'Bharat Jodo Yatra' a ray of hope in the dark times we live in
'Bharat Jodo Yatra' provides an opportunity for India's distressed citizens to speak out against the divisive politics and destructive policies of the current regime in power at the Centre
With the ‘Bharat Jodo Yatra’ on its way, it is time for the citizens of the country to rejoice and participate in it. At this crucial juncture, there ought to be togetherness and a collective cry to safeguard our country and halt any further damage to the country's democratic ethos.
Every possible effort should be made to stop the fascist forces, else not just we, but our future generations too will regret it. And then it might be too late to salvage the ruined economy and our national institutions.
In recent times, many amongst us have turned hopeless at the way prices are spiralling, with even the food intake of the middle classes drastically affected. Coupled with this, the sheer violence and anarchy in the society has perhaps never been this frightening.
We must speak out to save our land and our people. We must highlight the role of stalwarts and statesmen like Pandit Jawaharlal Nehru. He was indeed a leader of the masses. Today it is the duty of the masses to uphold his vision, dream and passion to take our country forward.
The ruling right-wing regime seems hell-bent on omitting from collective memory the crucial role played by Nehru. He, the builder of modern-day India, was not only loved and respected by the citizens of his country but also by people across the world.
Shockingly, in these recent times, there have been blatant distortions, if not deletion, of significant historical facts and factors related to such leaders.
Around the autumn of 2016, newsreports had come in of the plans of the then BJP government in Rajasthan to remove from the textbooks a particular chapter on Pandit Jawaharlal Nehru.
Why should this generation or future generations be deprived of being educated about the stellar role played by a statesman like Nehru? After all, ‘Panditji’, as Jawaharlal Nehru was popularly called, stood for democratic values, for the rights and dignity of the minorities and the disadvantaged.
Yes, communal attacks did take place even in those years, but they were controlled and there was that guarantee that justice would prevail. That feeling of security was intact because he was himself secular.
The fact is that Jawaharlal Nehru was respected and loved by all segments of society, by people from different faiths, religions, regions.
I vividly recall how my maternal grandmother, Amna Rahman, cried out in deep anguish when she heard the news of his passing away. I was too young to comprehend the connect between her tears and Nehru's death, but to this day I recall her words along the strain that Nehru was a saviour of the masses of our country.
Later, she had explained that in a democracy, it was not important to have a leader from a particular minority or majority community but a person one could respect and look up to; someone who could take care of the masses, without discriminating along religious or regional lines.

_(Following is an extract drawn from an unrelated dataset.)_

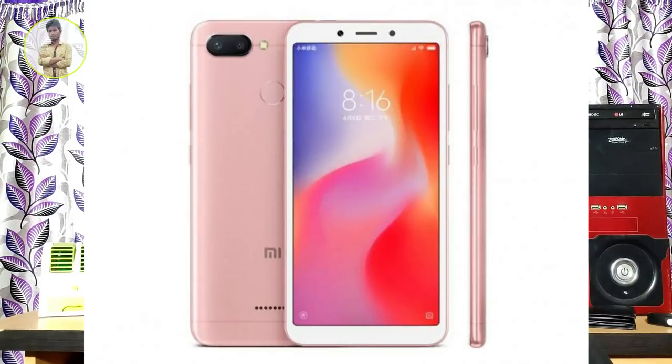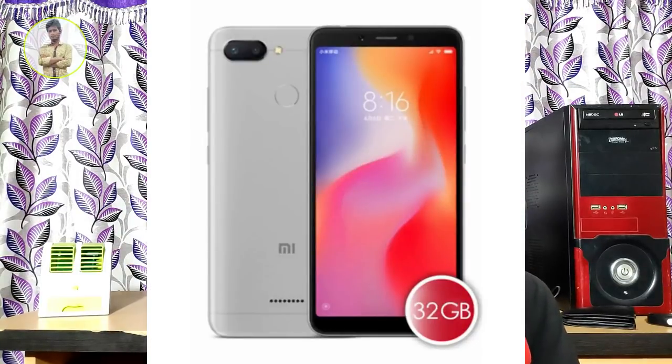Now this is the Redmi 6. If you compare it to the Redmi 5, the Redmi 5 had a 16x9 screen ratio. The Redmi 6 has an 18x9 screen ratio. This phone is valuable at below 7000 rupees. This is the Redmi 6 Vision, which also has a 720p screen and an IPS panel. It has an 18.9 screen ratio and a Helio P22 processor, which is a better processor with slightly better performance.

Years later, during my interactions with the Muslim citizens of the country, whenever the topic of the Partition came up, they would invariably say that their fathers and grandfathers had opted to stay back in India in the hope that leaders of the stature of Pandit Jawaharlal Nehru would be their rulers; with that, sound and just administration would prevail.
They couldn’t have imagined, even in their wildest dreams, that a day would come when right-wing men will seize the levers of powers of the country.
Nehru was respected worldwide as a statesman. His role in building our country’s democratic structure and infrastructure can never be doubted or diluted. He stands tall. He will always be remembered.
Today, as the 'Bharat Jodo Yatra' heads across the country, it is relevant to recall Nehru's vision for India and work for the 'unity in diversity' which was our country's favourite slogan, now rendered hollow by the present regime.